Today I have been thinking more than usual about the twenty-one coaches in my critical friend group.
One of the coaches in the group came under immense public scrutiny yesterday and I have been wondering what to say about his experience.
REM
For some reason, I could not get an R.E.M. song out of my head in the garden. I do not know the lyrics but these lines stuck …

everybody cries
And everybody hurts sometimes

In my two and half years with my coaches, two national coaches have lost their jobs. Both are flourishing in new roles. They are remarkable people who use their humanity to inform their coaching.
Back in 2011, I wrote about Dark Woods and Crumple Zones. I mentioned Jonathan Franzen:

You know, you enter a dark wood at a certain point in your life and things start falling apart; your life is not what you expected it to be.

I mention Ben Pobjie too:

I know now the desperate flailing, the horrific suffocation that comes when those black waves come crashing over and you find yourself just about incapable of keeping your head up in the face of the merciless tides. But we’re all capable. We may have to lean on others from time to time, but we don’t have to fall. Tomorrow I may feel them crashing again, and become convinced that none of this is true, but now I have to affirm that it IS.

So, in my garden today, I have been thinking about my coaching friends on the other side of the world. The sun is setting in rural New South Wales and is rising over the British Isles.
I am hopeful that the R.E.M video is one way of starting the conversation that will emerge from the dark woods prompted by public scrutiny.
I will be adding Bill Withers to my song list too as another way of sharing Ben’s realisation that leaning is what friends do … and what they are there for. It is a reciprocal act.
We all need to lean at some point. How we prepare for this leaning is very important. The more public the profile of the coach, the more I think we do need to discuss dark woods and crumple zones.
I wonder how you have dealt with similar experiences and what songs play in your head as you prepare to address them.

5 COMMENTS

  1. Being a sorts coach can be a cruel life.

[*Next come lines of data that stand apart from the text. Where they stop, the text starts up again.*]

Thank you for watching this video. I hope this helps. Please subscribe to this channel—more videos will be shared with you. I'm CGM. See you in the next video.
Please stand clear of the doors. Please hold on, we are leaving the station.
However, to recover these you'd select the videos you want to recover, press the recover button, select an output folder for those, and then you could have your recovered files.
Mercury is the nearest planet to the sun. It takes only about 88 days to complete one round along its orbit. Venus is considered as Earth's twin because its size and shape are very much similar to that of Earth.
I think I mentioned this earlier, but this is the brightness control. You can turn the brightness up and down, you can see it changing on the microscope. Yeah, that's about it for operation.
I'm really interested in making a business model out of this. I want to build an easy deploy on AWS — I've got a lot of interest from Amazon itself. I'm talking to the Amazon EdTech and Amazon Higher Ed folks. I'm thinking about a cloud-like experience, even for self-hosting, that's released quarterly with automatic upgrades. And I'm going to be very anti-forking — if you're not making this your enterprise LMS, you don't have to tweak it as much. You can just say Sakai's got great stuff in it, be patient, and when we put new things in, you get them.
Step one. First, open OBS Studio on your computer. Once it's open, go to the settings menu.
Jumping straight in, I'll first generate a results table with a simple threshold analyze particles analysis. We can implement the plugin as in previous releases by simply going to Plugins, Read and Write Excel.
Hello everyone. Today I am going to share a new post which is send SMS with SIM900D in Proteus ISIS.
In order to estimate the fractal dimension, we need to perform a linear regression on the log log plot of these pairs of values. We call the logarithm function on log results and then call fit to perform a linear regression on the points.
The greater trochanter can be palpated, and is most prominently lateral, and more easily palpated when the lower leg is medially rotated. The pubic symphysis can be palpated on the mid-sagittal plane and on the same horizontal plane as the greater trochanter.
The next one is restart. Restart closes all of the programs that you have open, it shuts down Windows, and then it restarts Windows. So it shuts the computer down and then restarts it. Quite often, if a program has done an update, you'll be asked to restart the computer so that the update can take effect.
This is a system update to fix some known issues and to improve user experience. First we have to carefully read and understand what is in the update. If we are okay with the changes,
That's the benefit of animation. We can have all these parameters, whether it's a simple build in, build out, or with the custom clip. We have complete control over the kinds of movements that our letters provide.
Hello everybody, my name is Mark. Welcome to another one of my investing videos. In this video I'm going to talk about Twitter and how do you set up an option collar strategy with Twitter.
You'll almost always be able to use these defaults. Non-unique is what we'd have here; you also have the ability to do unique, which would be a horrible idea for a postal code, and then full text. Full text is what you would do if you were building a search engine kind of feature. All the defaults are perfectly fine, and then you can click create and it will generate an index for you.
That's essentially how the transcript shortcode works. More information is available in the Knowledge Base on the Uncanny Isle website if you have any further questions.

For the many, a ‘brave’ decision taken to name a starting line-up or making a change in mid-play will only be scrutinised by a handful of supporters. The most vocal of opponents will probably be the parents if its a junior team. But you live for a next fixture.
    As a high profile coach you’re decsions are scrutinised by the tens of thousands of fans in the stands, the millions who watch on TV and an army of pundits; who all have the benefit of hindsight.
    For me https://m.youtube.com/watch?v=N5jlPL1tNDY&feature=youtu.be Eye of the Tiger keeps me going.

    • Thank you for adding to the play list, Ron. I imagine you will have faced these issues a number of times in your long career as a coach.